NLU.DevOps Consider adding support for custom parsers of utterances

Today, we expect that the utterances JSON file is always an array of utterances with entities in one of two formats, an NLU.DevOps generic format:

[
   {
      "text": "order pizza",
      "intent": "OrderFood",
      "entities": [
        {
           "matchText": "pizza",
           "entityType": "FoodItem"
        }
      ]
   }
]

Or LUIS batch format:

[
   {
      "text": "order pizza",
      "intent": "OrderFood",
      "entities": [
        {
           "entity": "FoodItem",
           "startPos": 6,
           "endPos": 10
        }
      ]
   }
]

I suspect we can make this a bit simpler and afford an opportunity to leverage other tooling (that is less likely to get out of sync) if we allow dependency injection of the parser for utterances. One potential scenario I'd like to unblock is I'd like to write a simple script that takes a test utterance JSON file and sends the utterances off for prediction against LUIS / Lex / etc., storing the unmodified results directly from LUIS / Lex back in a JSON array.

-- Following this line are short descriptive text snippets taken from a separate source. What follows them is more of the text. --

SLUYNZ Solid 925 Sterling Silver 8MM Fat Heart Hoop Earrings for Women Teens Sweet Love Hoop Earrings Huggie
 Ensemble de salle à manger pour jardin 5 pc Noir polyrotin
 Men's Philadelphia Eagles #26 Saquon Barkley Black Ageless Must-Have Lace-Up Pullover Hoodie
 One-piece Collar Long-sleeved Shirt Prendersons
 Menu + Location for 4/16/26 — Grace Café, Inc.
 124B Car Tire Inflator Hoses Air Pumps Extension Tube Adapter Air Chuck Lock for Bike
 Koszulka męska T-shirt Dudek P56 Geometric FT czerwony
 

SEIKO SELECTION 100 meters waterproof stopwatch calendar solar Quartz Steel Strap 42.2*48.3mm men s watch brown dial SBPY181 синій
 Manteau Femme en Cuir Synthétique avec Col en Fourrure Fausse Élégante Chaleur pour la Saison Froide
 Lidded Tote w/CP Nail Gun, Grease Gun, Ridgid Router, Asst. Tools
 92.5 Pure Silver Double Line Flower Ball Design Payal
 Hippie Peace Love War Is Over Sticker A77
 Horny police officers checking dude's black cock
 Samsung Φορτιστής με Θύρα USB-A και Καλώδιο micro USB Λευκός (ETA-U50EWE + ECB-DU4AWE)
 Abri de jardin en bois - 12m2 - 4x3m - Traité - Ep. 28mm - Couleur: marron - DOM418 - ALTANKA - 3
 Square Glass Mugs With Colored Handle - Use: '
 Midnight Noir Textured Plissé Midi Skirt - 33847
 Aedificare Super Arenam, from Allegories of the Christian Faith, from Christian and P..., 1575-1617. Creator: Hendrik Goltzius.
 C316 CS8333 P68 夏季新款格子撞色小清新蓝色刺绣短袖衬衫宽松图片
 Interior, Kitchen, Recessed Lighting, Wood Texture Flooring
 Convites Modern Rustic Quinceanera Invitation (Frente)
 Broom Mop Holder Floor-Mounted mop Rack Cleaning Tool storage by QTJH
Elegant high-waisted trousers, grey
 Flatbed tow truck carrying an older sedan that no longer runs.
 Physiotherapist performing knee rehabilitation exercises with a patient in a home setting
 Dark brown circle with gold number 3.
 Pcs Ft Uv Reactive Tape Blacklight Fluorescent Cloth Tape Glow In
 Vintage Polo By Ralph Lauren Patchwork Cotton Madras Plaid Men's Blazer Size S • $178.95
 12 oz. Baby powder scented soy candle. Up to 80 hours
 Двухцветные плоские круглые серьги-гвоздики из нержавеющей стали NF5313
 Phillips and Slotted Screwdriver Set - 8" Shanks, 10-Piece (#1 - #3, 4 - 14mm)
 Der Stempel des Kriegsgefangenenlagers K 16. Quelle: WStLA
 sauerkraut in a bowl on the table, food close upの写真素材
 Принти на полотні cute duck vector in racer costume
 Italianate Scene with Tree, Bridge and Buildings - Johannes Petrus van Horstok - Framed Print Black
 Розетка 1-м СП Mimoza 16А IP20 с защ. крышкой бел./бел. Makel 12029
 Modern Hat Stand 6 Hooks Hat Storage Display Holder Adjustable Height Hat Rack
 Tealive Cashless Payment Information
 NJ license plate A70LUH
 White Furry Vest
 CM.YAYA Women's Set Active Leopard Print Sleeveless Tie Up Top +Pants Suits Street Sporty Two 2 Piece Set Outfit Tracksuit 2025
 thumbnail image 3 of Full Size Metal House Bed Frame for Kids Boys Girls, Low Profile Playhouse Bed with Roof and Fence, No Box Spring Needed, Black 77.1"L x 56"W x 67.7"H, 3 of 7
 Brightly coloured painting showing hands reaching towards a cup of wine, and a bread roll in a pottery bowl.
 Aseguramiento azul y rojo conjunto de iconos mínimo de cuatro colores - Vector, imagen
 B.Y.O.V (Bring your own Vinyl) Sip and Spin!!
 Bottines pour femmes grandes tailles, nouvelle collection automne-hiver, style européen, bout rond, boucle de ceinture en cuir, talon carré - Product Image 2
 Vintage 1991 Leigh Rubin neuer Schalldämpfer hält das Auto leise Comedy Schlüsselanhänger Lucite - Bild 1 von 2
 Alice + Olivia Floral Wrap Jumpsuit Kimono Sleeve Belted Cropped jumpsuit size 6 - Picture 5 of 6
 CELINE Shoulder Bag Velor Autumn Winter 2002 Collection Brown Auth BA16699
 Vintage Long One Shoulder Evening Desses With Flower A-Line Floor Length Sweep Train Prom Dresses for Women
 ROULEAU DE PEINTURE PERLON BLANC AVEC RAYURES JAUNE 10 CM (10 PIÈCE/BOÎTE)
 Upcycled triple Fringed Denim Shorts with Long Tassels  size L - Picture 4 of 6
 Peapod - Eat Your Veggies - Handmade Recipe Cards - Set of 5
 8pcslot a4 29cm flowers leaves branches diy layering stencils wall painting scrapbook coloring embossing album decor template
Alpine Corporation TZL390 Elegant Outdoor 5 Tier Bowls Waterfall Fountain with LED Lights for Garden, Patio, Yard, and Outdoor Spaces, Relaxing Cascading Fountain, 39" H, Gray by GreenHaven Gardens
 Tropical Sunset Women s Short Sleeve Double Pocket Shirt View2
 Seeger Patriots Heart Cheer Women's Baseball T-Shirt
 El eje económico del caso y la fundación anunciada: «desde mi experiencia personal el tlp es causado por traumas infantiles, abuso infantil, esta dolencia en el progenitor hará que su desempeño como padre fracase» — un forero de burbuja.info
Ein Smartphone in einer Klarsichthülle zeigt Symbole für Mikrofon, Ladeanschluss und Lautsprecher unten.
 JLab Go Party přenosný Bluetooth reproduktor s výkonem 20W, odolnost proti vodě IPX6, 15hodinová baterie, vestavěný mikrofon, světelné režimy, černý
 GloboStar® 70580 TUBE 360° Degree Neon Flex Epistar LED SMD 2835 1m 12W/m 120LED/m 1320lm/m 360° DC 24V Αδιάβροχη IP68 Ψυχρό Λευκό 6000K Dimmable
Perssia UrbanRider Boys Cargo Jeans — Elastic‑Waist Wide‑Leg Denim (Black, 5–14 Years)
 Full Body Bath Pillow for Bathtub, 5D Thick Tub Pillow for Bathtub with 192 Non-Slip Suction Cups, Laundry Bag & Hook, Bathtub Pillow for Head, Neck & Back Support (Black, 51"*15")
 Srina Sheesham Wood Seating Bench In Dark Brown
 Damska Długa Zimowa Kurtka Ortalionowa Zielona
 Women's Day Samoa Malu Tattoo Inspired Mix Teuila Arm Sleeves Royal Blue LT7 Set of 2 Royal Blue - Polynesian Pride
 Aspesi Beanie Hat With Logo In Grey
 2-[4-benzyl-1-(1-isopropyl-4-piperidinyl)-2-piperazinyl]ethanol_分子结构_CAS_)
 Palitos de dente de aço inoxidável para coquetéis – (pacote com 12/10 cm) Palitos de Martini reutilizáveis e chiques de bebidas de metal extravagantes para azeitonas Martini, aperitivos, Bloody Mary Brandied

I.e., could we easily enable something like this:

[
  {
    "query": "order pizza",
    "topScoringIntent": {
      "intent": "OrderFood",
      "score": 0.99999994
    },
    "entities": [
      {
        "entity": "pizza",
        "type": "FoodItem",
        "startIndex": 6,
        "endIndex": 10,
        "score": 0.973820746
      }
    ]
  }
]

We could achieve this with a couple different options.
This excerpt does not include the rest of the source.